Resiliency in MSA
In any case, design for resiliency should not be ignored or given less priority where architects design for known failures and if something fails then it should fail fast and gracefully.
Few Reasons for failure:
- Failure can occur in distributed architecture when any of the resource is not available or exhausted because of any reason.
- 100% availability of Hardware, infrastructure and Communication channel cannot be considered.
- External system or service may not respond.
- In microservices architecture, few services may not respond on time which can result in cascading failure.

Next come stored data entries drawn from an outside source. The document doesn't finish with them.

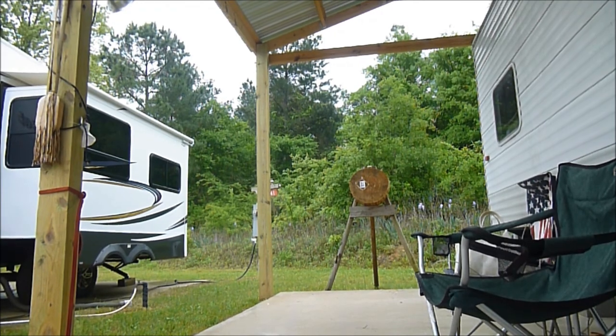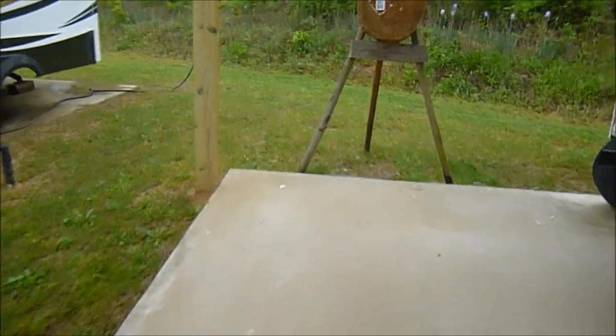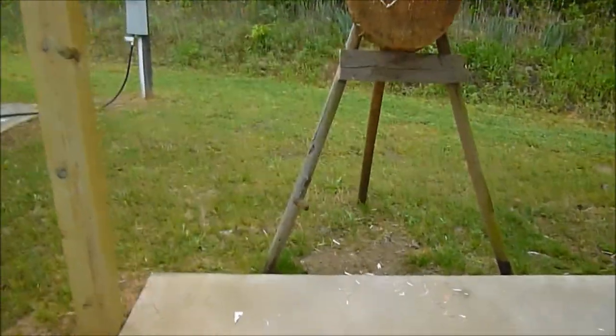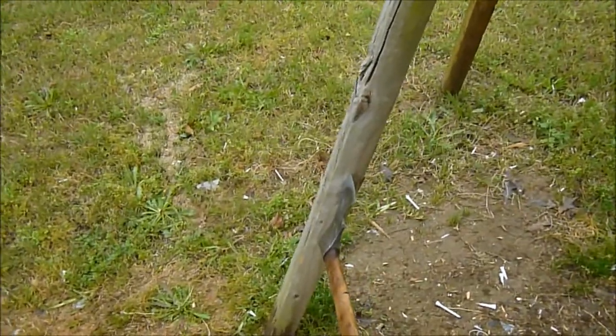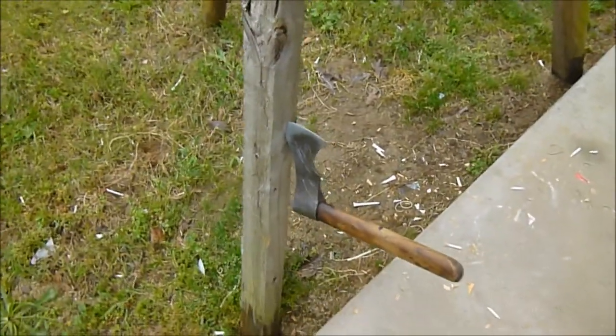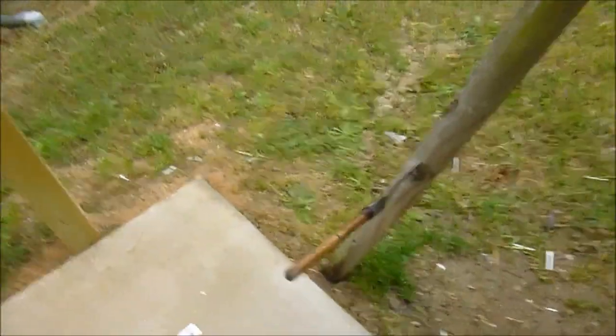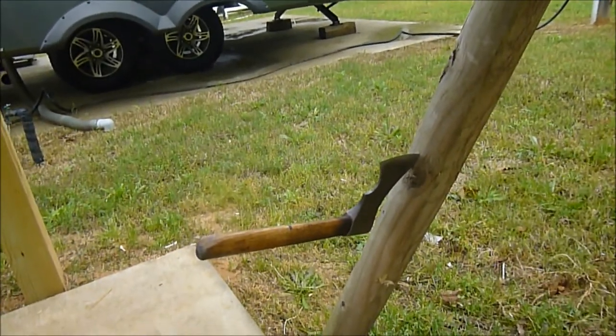How to practice low block when you don't have a low block. Use the leg of your target. Try to get a proper low block because it will eventually chew up the leg of your target, so you don't want to just keep throwing at it — but it's a way to throw low if you don't have a block.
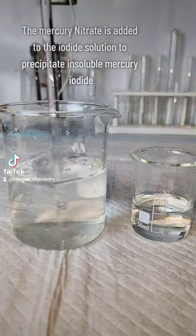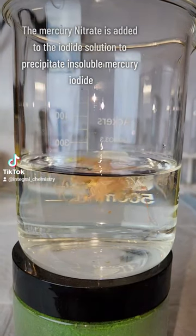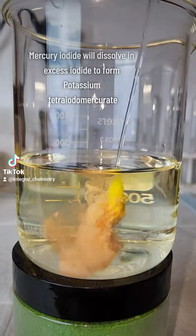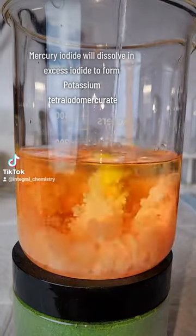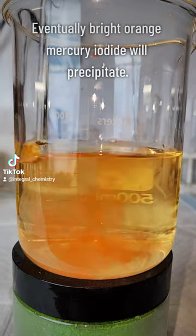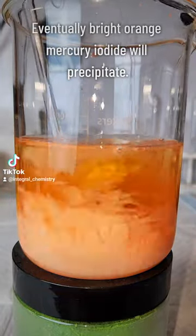Anyway, once the mercury is totally dissolved I make a 0.2 molar solution of potassium iodide and slowly add the mercury nitrate to it. At first no precipitate is going to form, as mercury is able to form a very soluble complex with excess iodide. Eventually though, the bright orange mercury iodide will begin to precipitate and fall out of solution.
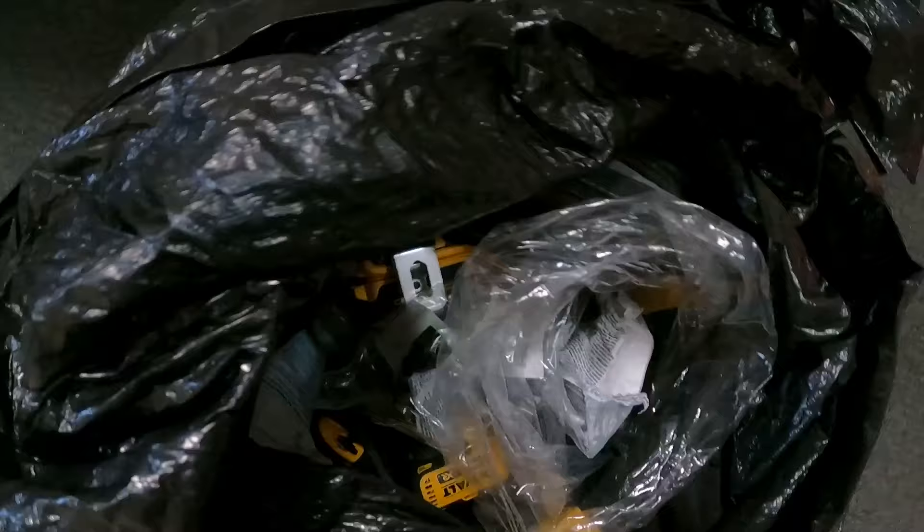Luckily his crawl space entrance wasn't far away, so now we're going down into this scary hole, which I really don't like — it's just the last place I want to be. There are too many creepy crawlies down there in my opinion, but the job has to get done. You want to fully suit up: I put on a respirator — I never go down there without one — and it's good practice to put all your tools in bags.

- Communication with database server may take long time.
Patterns for Resiliency
- Timeout Pattern
Using Timeout pattern, a client service or application can set the max waiting time in the form of timeout when connecting to a network resource.
- Retry Pattern
Retry pattern can be implemented when an operation in a system experience transient faults and success can be expected.
- Circuit Breaker PatternCircuit Breaker Pattern enables an application to break an operation in the expectation that it will fail.
- Bulkhead Pattern
The advantage of using Bulkhead pattern is to avoid faults in one part of system which can result in impacting the whole system.
- Compensating Transaction Pattern
In distributed transaction scenario, Compensating Transaction pattern helps in achieving eventual consistency and provides a way to undo the work performed by a series of steps in SAGA.